The night before I spoke to Pati Jinich, the acclaimed chef, cookbook author, and television personality, she had eaten chipotle turkey meatballs for dinner.
It’s a staple at her home in Chevy Chase, Maryland, where she records one of her PBS shows.
It’s been a busy day judging by the number of people who rang their doorbells during our conversation.
It ranged from her new book Treasures of the Mexican Table: Classic Recipes, Local Secrets; her Borderlands show from PBS, getting the green light for a second season; the 10th season of “Pati’s Mexican Table”; on her family’s Jewish-Mexican heritage.
What Jinich speaks compellingly, it’s clear that she’s found a way to weave bits of her past life as an academic and Latin American political analyst into her work as a cultural ambassador.
Food can do that. In the right place and at the right time, good food in particular can serve democracy and diplomacy.
Jinich – pronounced HEEN-I – has recently turned to the frontiers and has become their newest champion, considering them more than an in-between space, mythologized only as a place of danger, drugs, human trafficking and corruption.
This is not a place that people in the border areas recognize, nor is it one that Jinich has embraced.
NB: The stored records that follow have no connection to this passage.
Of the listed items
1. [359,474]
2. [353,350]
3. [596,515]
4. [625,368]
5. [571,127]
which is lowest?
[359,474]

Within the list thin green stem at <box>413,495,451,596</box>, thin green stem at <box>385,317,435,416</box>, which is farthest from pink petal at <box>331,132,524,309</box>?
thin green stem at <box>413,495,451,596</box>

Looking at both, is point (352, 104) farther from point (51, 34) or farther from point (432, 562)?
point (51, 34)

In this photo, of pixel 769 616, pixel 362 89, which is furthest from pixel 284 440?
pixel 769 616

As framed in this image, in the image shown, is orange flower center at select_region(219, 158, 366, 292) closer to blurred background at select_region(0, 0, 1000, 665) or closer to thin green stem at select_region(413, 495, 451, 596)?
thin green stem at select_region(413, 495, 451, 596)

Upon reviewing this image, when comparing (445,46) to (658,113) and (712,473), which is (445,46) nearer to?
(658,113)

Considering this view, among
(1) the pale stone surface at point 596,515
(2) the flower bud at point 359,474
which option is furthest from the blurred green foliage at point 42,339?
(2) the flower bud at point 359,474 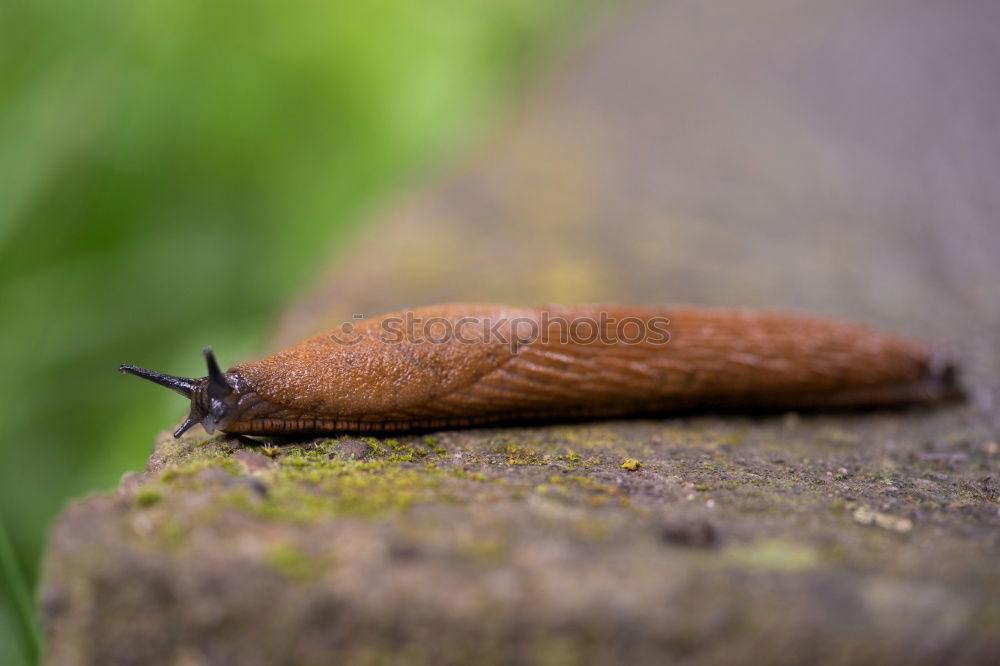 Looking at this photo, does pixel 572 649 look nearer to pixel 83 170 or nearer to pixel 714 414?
pixel 714 414

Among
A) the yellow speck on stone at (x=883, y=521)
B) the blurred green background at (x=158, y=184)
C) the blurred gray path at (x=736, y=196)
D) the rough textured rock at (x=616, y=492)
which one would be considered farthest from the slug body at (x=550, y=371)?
the yellow speck on stone at (x=883, y=521)

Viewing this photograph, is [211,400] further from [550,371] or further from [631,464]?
[631,464]

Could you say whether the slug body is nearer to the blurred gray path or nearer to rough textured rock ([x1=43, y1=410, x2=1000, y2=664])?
rough textured rock ([x1=43, y1=410, x2=1000, y2=664])

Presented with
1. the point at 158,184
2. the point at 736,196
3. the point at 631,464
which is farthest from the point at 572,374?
the point at 158,184

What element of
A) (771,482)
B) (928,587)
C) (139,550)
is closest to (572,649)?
(928,587)

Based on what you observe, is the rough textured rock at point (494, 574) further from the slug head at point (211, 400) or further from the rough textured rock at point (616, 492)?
the slug head at point (211, 400) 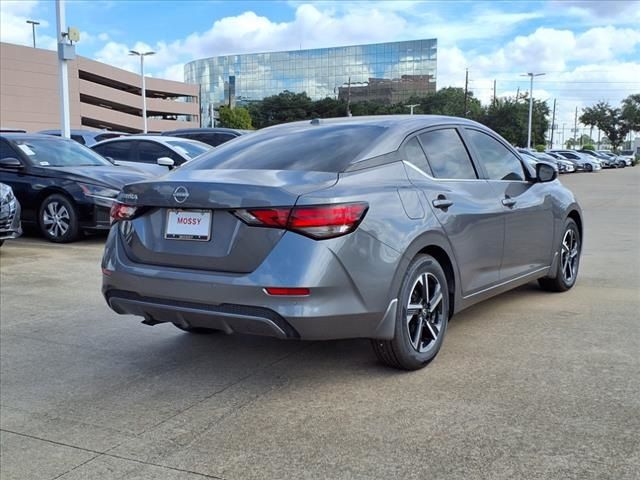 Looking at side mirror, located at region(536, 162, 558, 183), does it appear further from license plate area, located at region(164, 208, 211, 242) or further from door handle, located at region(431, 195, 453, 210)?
license plate area, located at region(164, 208, 211, 242)

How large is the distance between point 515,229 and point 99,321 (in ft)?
11.2

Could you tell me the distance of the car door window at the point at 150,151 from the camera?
42.1 ft

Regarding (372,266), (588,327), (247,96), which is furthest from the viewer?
(247,96)

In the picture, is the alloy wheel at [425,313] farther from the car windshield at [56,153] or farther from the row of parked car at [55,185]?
the car windshield at [56,153]

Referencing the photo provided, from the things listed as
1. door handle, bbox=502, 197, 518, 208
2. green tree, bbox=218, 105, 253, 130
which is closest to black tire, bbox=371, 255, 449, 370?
door handle, bbox=502, 197, 518, 208

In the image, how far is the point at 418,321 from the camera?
4.16 meters

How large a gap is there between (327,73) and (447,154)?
124302mm

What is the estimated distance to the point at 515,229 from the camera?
17.1 feet

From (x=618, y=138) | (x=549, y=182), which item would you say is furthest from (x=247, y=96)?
(x=549, y=182)

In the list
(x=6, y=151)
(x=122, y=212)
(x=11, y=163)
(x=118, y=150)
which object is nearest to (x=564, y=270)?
(x=122, y=212)

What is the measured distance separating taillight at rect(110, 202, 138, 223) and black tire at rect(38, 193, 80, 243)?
18.6ft

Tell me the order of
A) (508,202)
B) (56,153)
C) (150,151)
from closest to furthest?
(508,202)
(56,153)
(150,151)

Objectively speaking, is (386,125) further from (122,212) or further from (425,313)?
(122,212)

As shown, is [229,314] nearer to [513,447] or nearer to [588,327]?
[513,447] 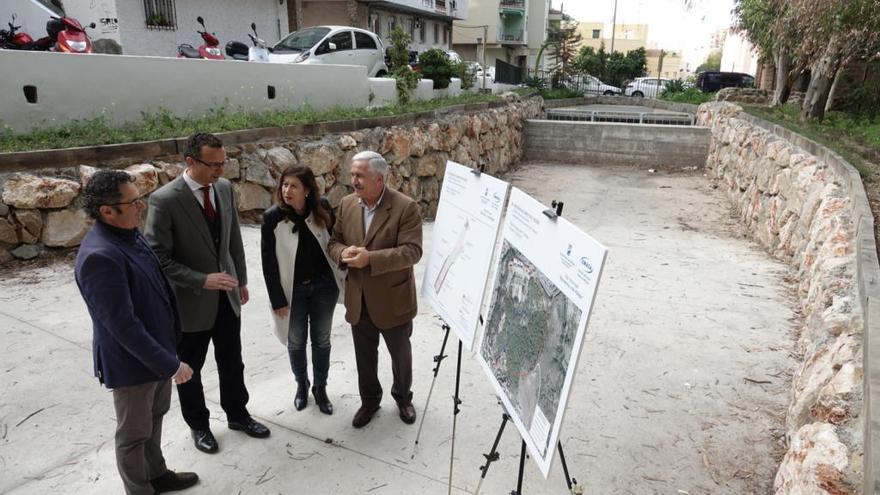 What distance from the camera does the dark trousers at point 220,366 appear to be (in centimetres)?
293

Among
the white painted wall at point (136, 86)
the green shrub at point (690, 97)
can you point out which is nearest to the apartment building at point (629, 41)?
the green shrub at point (690, 97)

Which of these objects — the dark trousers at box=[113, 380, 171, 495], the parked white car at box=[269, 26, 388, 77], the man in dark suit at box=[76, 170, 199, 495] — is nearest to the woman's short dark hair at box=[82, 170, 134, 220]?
the man in dark suit at box=[76, 170, 199, 495]

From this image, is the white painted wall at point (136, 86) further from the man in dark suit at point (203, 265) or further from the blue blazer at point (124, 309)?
the blue blazer at point (124, 309)

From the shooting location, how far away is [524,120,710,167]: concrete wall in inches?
573

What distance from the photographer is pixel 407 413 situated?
3354 millimetres

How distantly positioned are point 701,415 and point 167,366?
3.17 metres

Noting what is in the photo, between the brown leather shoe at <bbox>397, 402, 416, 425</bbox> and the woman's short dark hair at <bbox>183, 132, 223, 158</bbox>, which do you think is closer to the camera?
the woman's short dark hair at <bbox>183, 132, 223, 158</bbox>

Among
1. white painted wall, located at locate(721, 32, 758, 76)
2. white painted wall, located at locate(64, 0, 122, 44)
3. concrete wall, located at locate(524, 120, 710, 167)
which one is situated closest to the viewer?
white painted wall, located at locate(64, 0, 122, 44)

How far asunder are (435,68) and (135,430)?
1306cm

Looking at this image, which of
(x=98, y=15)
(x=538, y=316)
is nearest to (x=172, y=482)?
(x=538, y=316)

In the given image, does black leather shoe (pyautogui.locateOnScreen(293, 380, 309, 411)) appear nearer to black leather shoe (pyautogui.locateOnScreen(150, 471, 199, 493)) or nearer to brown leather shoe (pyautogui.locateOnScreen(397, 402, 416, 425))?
brown leather shoe (pyautogui.locateOnScreen(397, 402, 416, 425))

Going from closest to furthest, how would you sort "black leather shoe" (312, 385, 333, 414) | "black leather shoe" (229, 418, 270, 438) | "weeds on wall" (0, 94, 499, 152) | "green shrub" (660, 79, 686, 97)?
1. "black leather shoe" (229, 418, 270, 438)
2. "black leather shoe" (312, 385, 333, 414)
3. "weeds on wall" (0, 94, 499, 152)
4. "green shrub" (660, 79, 686, 97)

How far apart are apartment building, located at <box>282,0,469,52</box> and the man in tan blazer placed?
16123mm

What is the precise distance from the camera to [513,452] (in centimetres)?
313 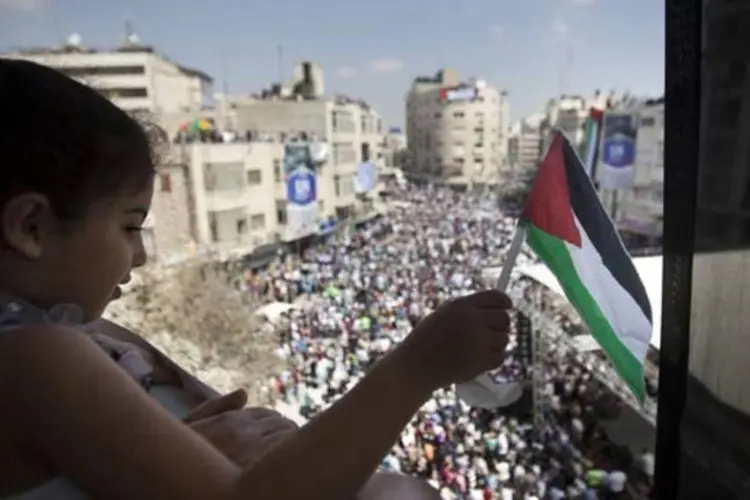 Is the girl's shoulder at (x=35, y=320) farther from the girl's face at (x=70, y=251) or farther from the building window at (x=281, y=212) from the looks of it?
the building window at (x=281, y=212)

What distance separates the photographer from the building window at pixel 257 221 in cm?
1253

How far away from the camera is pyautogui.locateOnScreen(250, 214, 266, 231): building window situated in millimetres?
12531

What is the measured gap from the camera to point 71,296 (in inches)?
12.1

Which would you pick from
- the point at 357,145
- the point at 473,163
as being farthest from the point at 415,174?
the point at 357,145

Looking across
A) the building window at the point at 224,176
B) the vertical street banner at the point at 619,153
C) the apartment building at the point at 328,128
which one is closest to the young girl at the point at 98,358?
the building window at the point at 224,176

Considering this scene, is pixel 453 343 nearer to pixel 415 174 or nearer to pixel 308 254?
pixel 308 254

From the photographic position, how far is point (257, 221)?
41.8 feet

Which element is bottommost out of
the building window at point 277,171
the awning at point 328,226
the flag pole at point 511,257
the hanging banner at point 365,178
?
the awning at point 328,226

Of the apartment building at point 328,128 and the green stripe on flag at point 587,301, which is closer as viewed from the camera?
the green stripe on flag at point 587,301

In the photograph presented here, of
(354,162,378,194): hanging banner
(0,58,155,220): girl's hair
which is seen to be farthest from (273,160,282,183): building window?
(0,58,155,220): girl's hair

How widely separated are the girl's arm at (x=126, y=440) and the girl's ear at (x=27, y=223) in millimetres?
39

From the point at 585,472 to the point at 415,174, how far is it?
90.4 ft

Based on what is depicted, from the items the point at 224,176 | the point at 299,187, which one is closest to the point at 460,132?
the point at 299,187

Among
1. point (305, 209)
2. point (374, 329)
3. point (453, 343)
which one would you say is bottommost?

Disparate regions hug both sides of the border, creating regional dishes that have traveled far beyond – from Washington state to Washington, DC
But even Mexicans are ignorant of the differences along the nearly 2,000-mile route, she said, pointing to the recipes and stories in Treasures, whose soups, salsas and fish dishes demonstrate regional differences at the micro level, differing from rancho to rancho Rancho and Casera to Casera.
The frontiers have brought us iconic dishes and trends—from the nacho that was born at Victory Club in Piedras Negras to what Jinich says will be the next big thing: Chilirio.
It hails from Sinaloa, best known for being the home of drug lord Joaquín “El Chapo” Guzmán Loera. But it’s Mexico’s breadbasket, Jinich said.
And his Chilirio is “about to become extremely popular.”
“People are going to love it,” she said of the adobo-seasoned pulled pork, akin to a sloppy joe mix that can star in tacos, tortas, nachos, and quesadillas.
Then she pulls back the camera lens for a wider view.
“The interesting thing about the United States and Mexico is that we are so close,” she said. “We are so dependent on each other. It is obvious.”
While the climate between the two might have been worse before a president, she says even those who profess to dislike Mexico enjoy taco nights and taco trucks.
“Mexican restaurants are packed,” she said, and the reality is, “If you want tacos, you need Mexican.”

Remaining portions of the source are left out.